Work task =>
In the records below, find the line containing "Автомобиль Ford F-150", then print it and every following line exactly, through the last, without pictures.
(Dataset entries)
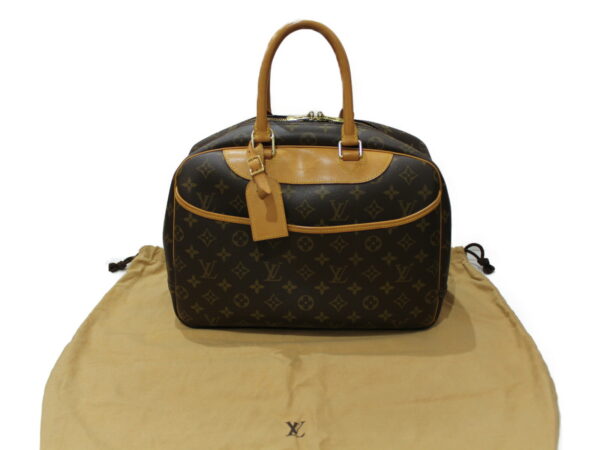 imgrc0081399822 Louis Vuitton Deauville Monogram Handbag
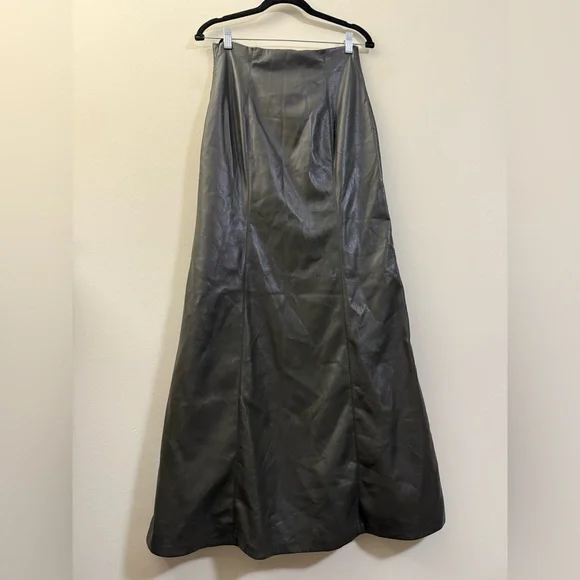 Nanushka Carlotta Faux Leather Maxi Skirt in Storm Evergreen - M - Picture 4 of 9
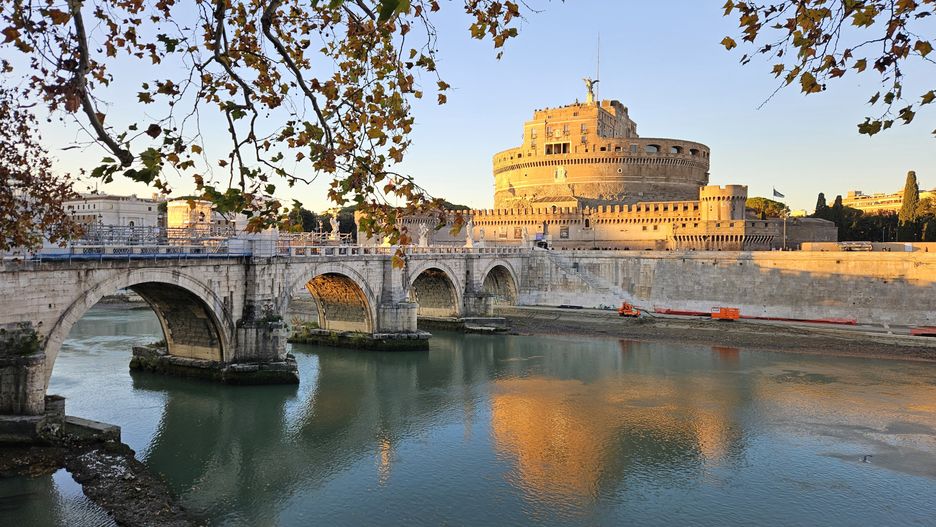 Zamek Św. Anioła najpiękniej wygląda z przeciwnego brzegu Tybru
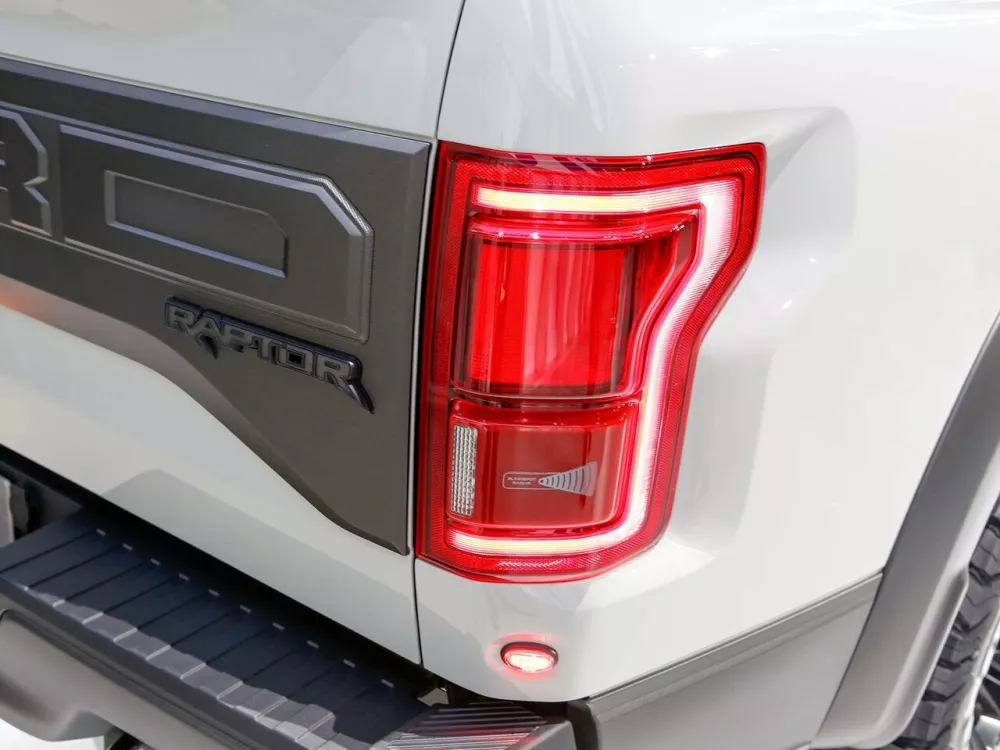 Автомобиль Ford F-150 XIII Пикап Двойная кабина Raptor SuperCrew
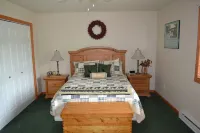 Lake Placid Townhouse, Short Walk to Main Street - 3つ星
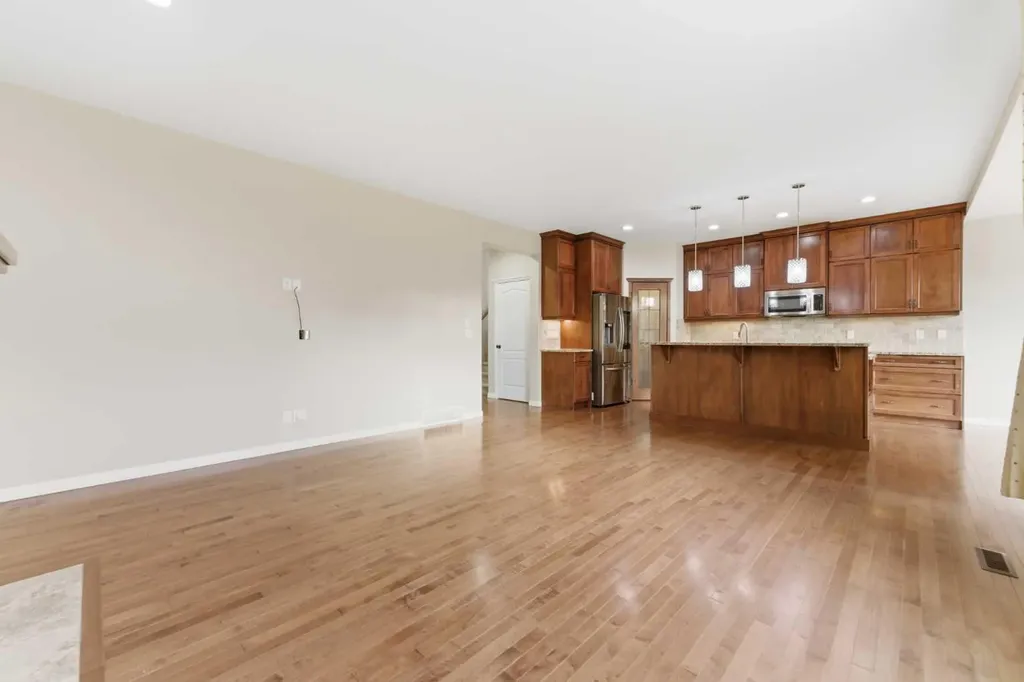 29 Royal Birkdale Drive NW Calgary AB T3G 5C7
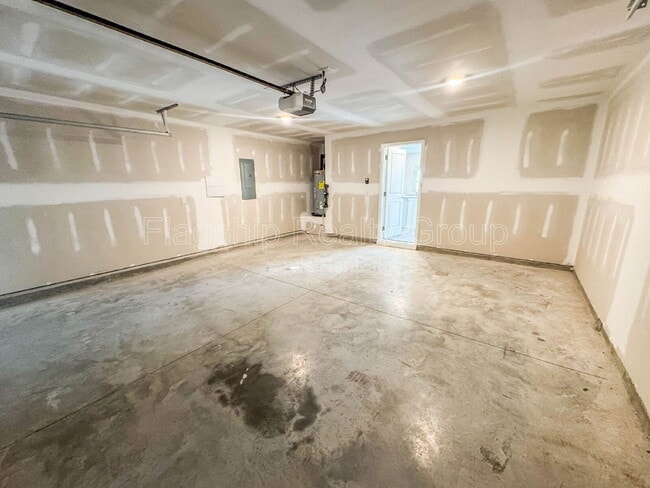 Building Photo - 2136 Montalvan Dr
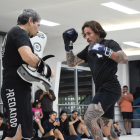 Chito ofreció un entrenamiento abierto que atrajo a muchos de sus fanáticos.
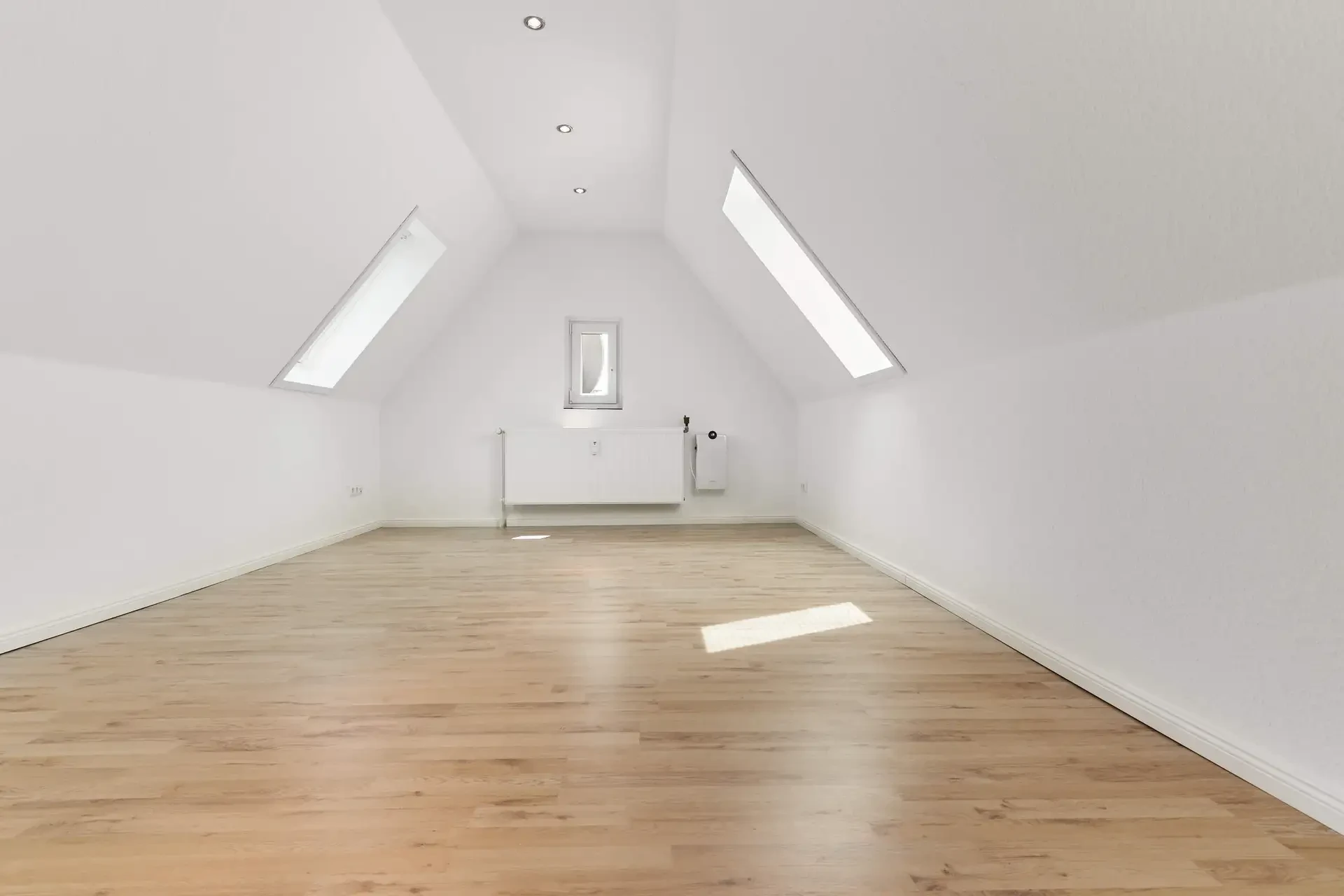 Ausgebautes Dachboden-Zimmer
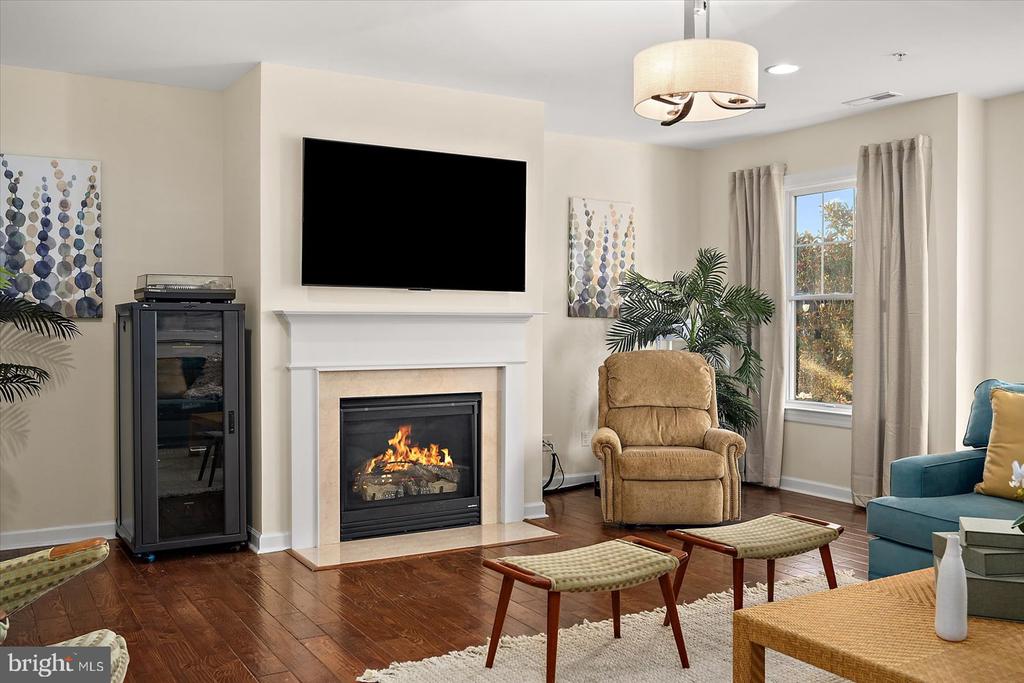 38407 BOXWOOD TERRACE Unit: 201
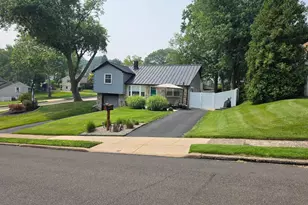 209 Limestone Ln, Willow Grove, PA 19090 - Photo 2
(End Dataset entries)
Written reply =>
 Автомобиль Ford F-150 XIII Пикап Двойная кабина Raptor SuperCrew
 Lake Placid Townhouse, Short Walk to Main Street - 3つ星
 29 Royal Birkdale Drive NW Calgary AB T3G 5C7
 Building Photo - 2136 Montalvan Dr
 Chito ofreció un entrenamiento abierto que atrajo a muchos de sus fanáticos.
 Ausgebautes Dachboden-Zimmer
 38407 BOXWOOD TERRACE Unit: 201
 209 Limestone Ln, Willow Grove, PA 19090 - Photo 2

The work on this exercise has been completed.